Closing: triage checklist#

Bookmark this. When something breaks in production, read it before you open any code.

  • Did I check ./logs/audit.jsonl for the agent_id and timeframe in question?
  • Did I rank-order the top-10 cost contributors via COST_LOG?
  • Did I run EvalHarness.compare() on the model before and after the change I suspect?
  • Did I verify memory integrity — index consistent, no orphans, no parse errors in JSONL transcripts?
  • Did I check for DENYLIST patterns in the user's input, not only tool output?
  • Did I inspect the hook registration order to confirm the security hook runs last?
  • Did I confirm max_iterations is set and sane for every custom loop?
  • Did I check for tools without network timeouts?
  • Did I pull the raw transcript for the offending task_id and read it end to end?
  • Did I print get_cost_summary() during the problem run, not only after?
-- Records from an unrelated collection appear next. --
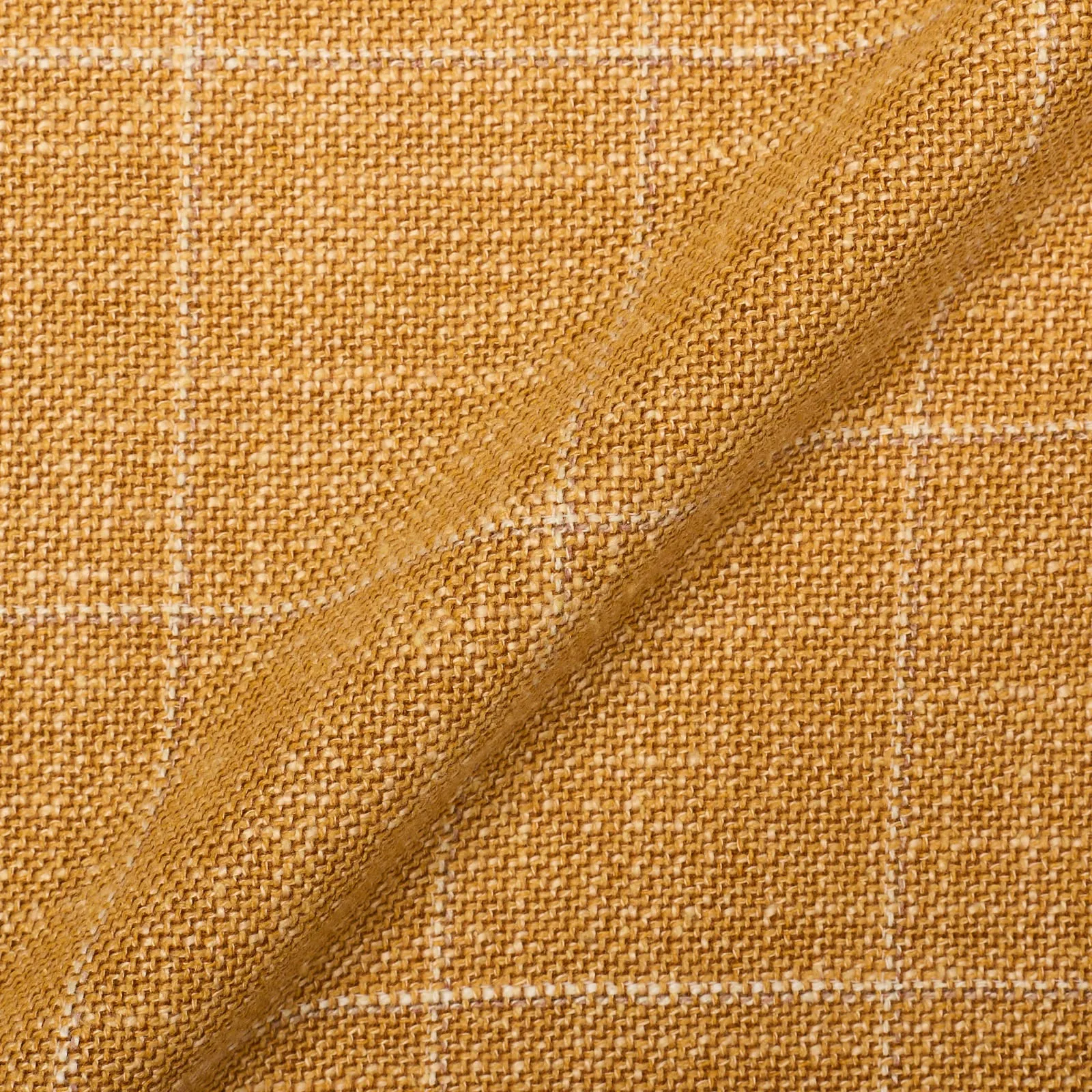 SARTORIA PARTENOPEA Mustard Windowpane Wool-Silk Jacket Blazer EU 50 NEW US 40 Current Model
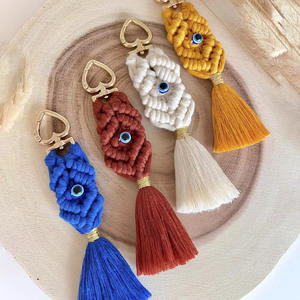 <span class=keywords><strong>Porte</strong></span>-clés <span class=keywords><strong>Macramé</strong></span> à Pompon Bleu, Œil Turc <span class=keywords><strong>Porte</strong></span>-Bonheur, pour Femmes et Hommes, Pendentif Bijou, Accessoire de Sac, Cadeau Fait Main - Product Image 1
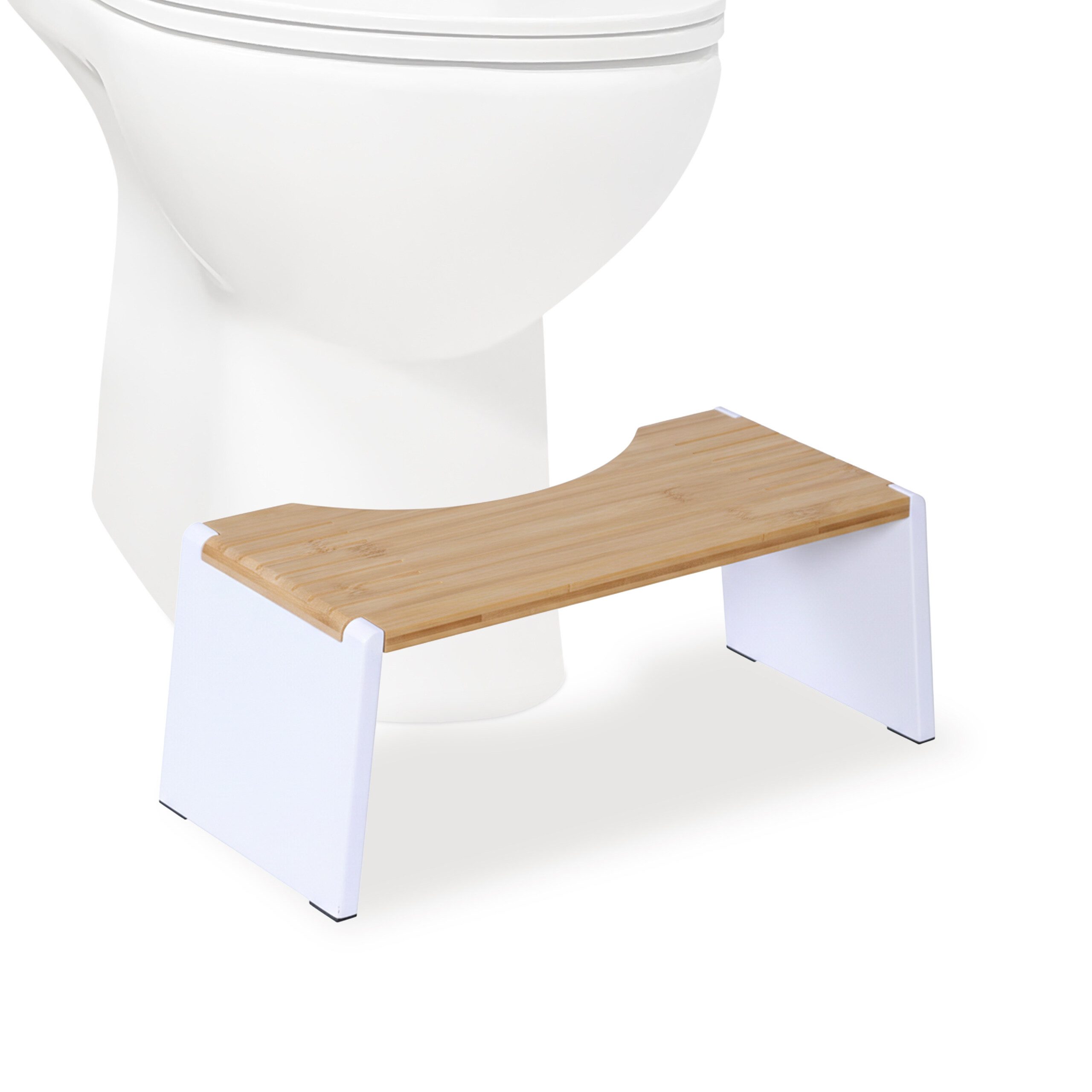 relaxdays Badhocker Klappbarer Toilettenhocker aus Bambus, Natur-Weiß günstig online kaufen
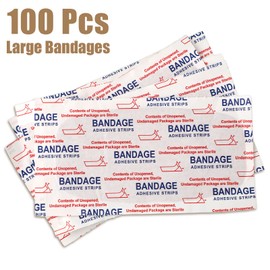 Sinmoe 100 Pcs Large Big Flexible Adhesive Bandages Wound Care Latex Free Fabric PE Bandages for Care and Protect Wounds, 2 x 4 Inch(Brown)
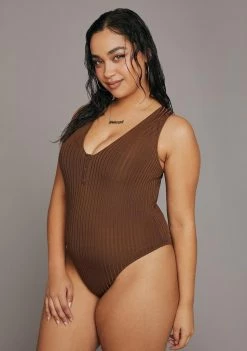Poster Grl Knit Bodysuit Plus She Caught Me Ribbed Bodysuit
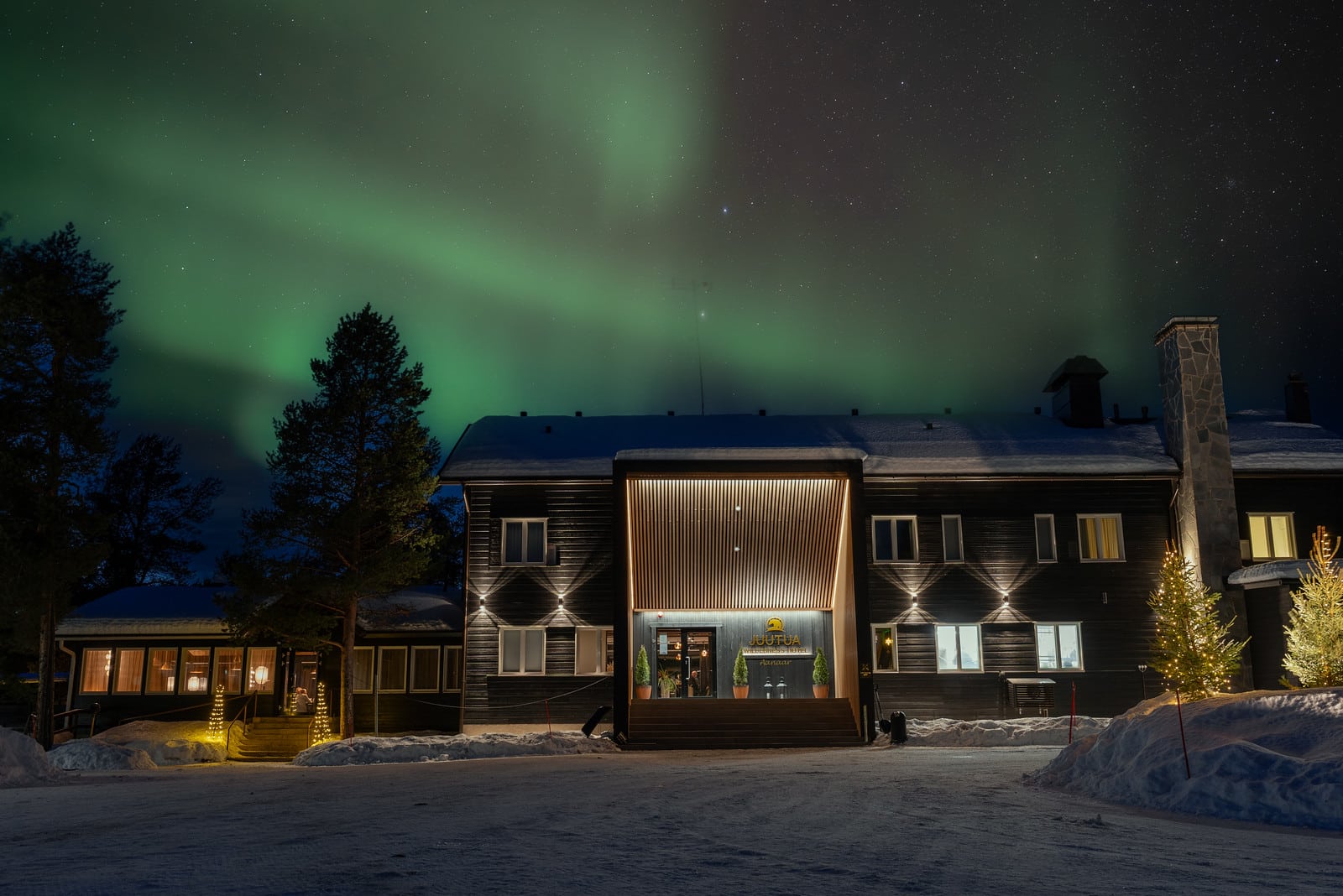 main building with northern lights
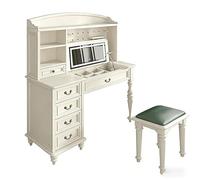 Bureau de coiffeuse avec miroir caché - Coiffeuse et bureau d'écriture en bois massif, pas de montage nécessaire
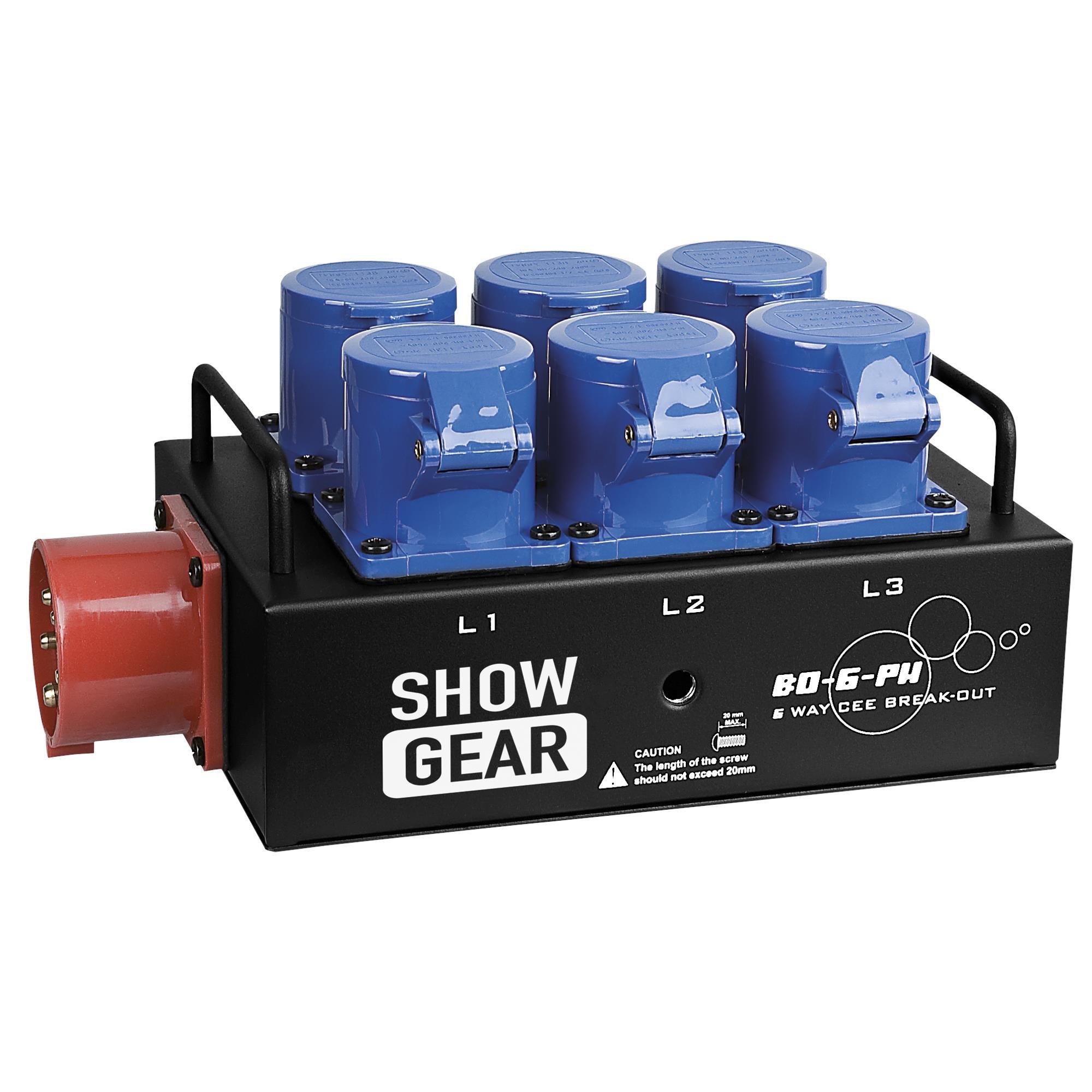 Showtec BO-6-PWC 3 Phase Power Splitter Distro Stage Marquee Theatre 1 to 6 16A - DY Pro Audio
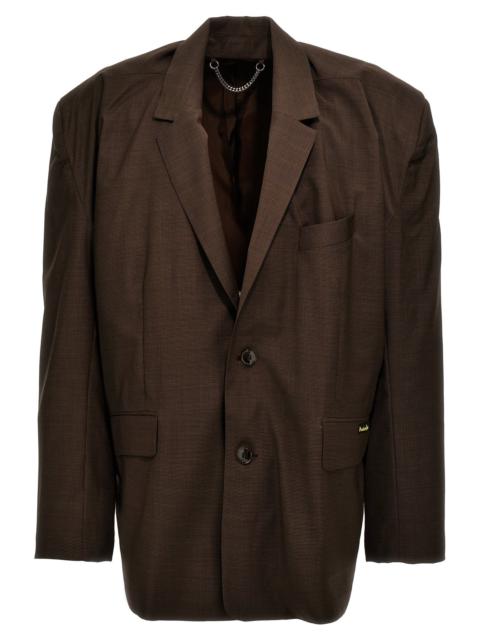 Single-Breasted Houndstooth Blazer Brown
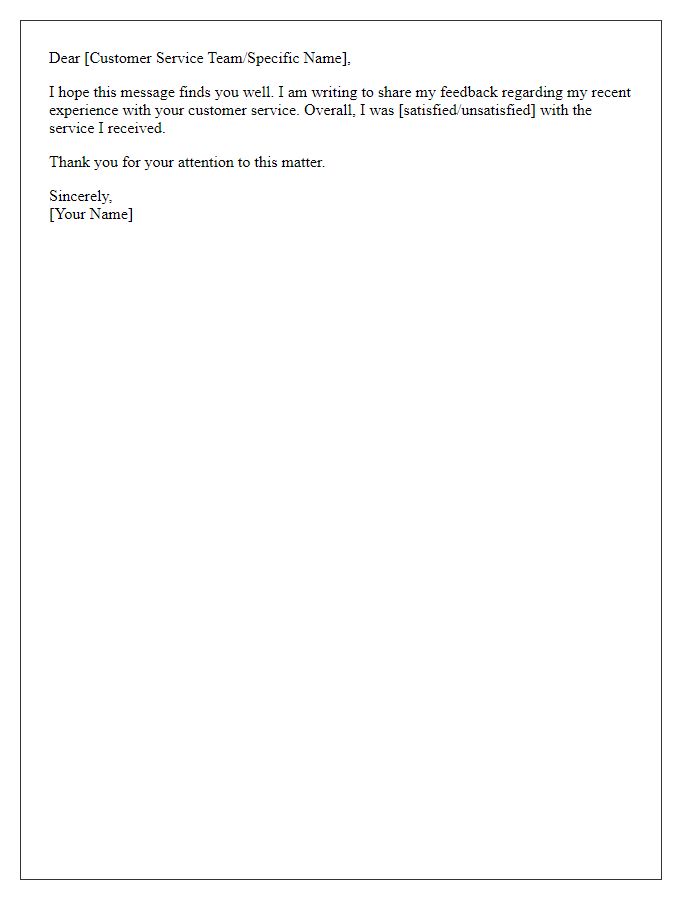 Letter template of concise customer service feedback introduction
The checklist assumes you have observability wired up before the incident. If you do not, wire it up now. setup_telemetry() in swarm/observability/telemetry.py takes a service name and configures OpenTelemetry against either an OTLP endpoint (set OTEL_EXPORTER_OTLP_ENDPOINT) or a console exporter as a fallback. Every call_agent produces a gen_ai.* span via record_agent_span(), and every hook event produces a hook.{event} span. Trace IDs propagate through the hook bus via the _trace_id payload key, so cross-agent emissions share a trace.

Ship traces to a collector you can query. Grafana Tempo, Honeycomb, Datadog, Jaeger — any of them will let you filter by swarm.task_id and see the full fan-out of a single user request across orchestrator, workers, and hooks. Without that, you are reading audit lines with grep and hoping you picked the right timestamp window. With it, the five scenarios above become five saved queries.

The audit log, the cost log, and the trace exporter are cheap. Turn them on before you need them.